Есть ситуации, в которых человек не может поступить по-своему. Предположим, что Александр стал бы постигать невероятную правоту своего учителя. Мог ли он отступиться от задуманного еще в юности, отрешиться от власти, покинуть войско, которое без него погибло бы? Он так не сделал. Значит, собственная «правота» была для него очевиднее, чем все прозрения индийских пророков. Он и не стремился к жизни «в духе». Такой жизни для него еще просто не существовало. Удивительно, что именно Александр, великий пассионарий Античности, первым пригубил и чистой воды индийской мудрости, содержащей в себе иррациональную, неевропейскую мысль; логику, в отличие от логики Аристотеля, представленную множественностью истин; учение о подчиненности человеческой жизни закону кармы и удивительную психологию, воздвигнутую на основе йогических практик, в которой человек – не более чем пылинка космоса. Но он не понял всего этого. Он возил с собой Каланоса как живой образец этой иной правды, он, может быть, искренне любил его и втайне восхищался им – но сам постичь его правду и использовать ее в том мире, куда он возвращался, не мог. И потому в Вавилоне он вернулся к преобразованиям, о которых мы уже говорили: начал строительство своей необъятной и гибельной Евроазийской империи. Он, возможно, был первым владыкой, которому было известно о себе (ведь йоги сразу сказали ему об этом), что в душе у него нет мира – и больше: что душа его смятенна… Но для царей, возможно, это знание не является столь уж важным. И он начинает заниматься обустройством мира внешнего – с азартом, достойным древнегреческого геометра.
Последствия
Превращения Александра и реформы, им намеченные, так возмутили и напугали греков, что сразу после его смерти начался распад огромной империи, очерченной им как проект; причем распад этот, разумеется, начался с войн, которые повели между собой его ближайшие сподвижники, «диадохи», оказавшиеся правителями на стыке двух миров – Европы и Азии.
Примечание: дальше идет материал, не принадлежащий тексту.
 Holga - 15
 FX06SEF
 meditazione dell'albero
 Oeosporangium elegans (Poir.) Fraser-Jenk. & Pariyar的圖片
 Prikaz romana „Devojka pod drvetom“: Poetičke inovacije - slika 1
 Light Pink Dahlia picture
Европа не хотела пускать Азию к себе. Греция не хотела иметь ничего общего с распавшейся на царства империей Александра. Она хотела жить удельно, раздельно, торговать, осваивать колонии и сохранять свою самобытность и самовлюбленность в своих полисах. Конец этому хотению положил только Рим, захвативший основные территории Греции в середине II века до н.э. Египет, Сирия, Мидия и Парфия сыграли свое соло несколько спустя, уже как провинции или противники этой другой, Римской империи.
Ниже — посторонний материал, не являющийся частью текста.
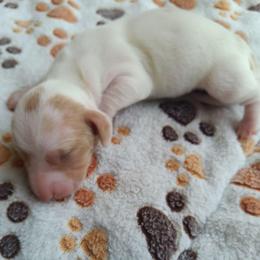 Scout - Piebald female Dachshund puppy in Marshall, Texas from Wilson's Kennels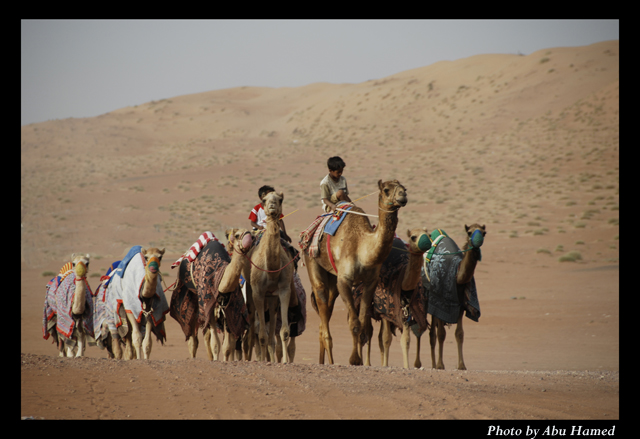 صور من ابداع اعضاء عمان فوتو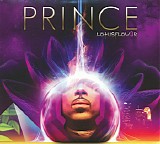 Prince - Lotusflow3r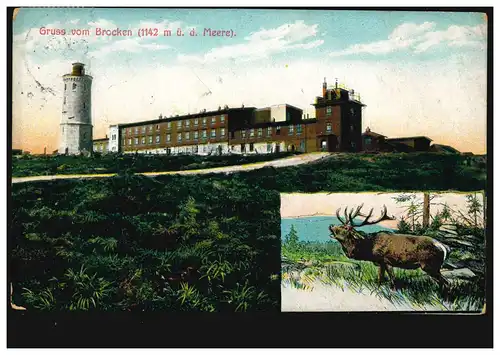 AK Gris du Brocken 1142 sur NN: horloge et cerf, couru 1909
До конца эллинистического мира было еще далеко, но судорога походов Александра, пробежав по всей Евразии, быстро затухла; в истории нарастала дрожь новых напряжений, связанных с войнами Рима на западе и с бесчисленными кочевниками на востоке. Одно время власть над большей частью бывшей Персии взяли парфяне: со временем они и восстановили Персию из обломков державы Дария. Даже римлянам не удалось одолеть их. В этом смысле никто из европейцев, кроме Александра, не углублялся так далеко в глубь Азии. Конечно, «европейское» влияние, принесенное экспедицией Александра и римскими легионами, было очень поверхностным и быстротечным. Азия не могла перестать быть Азией. И лишь греко-бактрийские цари из своего отдаленного, скрытого за горными хребтами и пустынями царства предприняли последнюю попытку расширить границы античного мира, колонизовав Фергану и открыв путь в Китайский Туркестан, что сделало возможным проникновение на еще более отдаленный восток греко-персидских художественных влияний.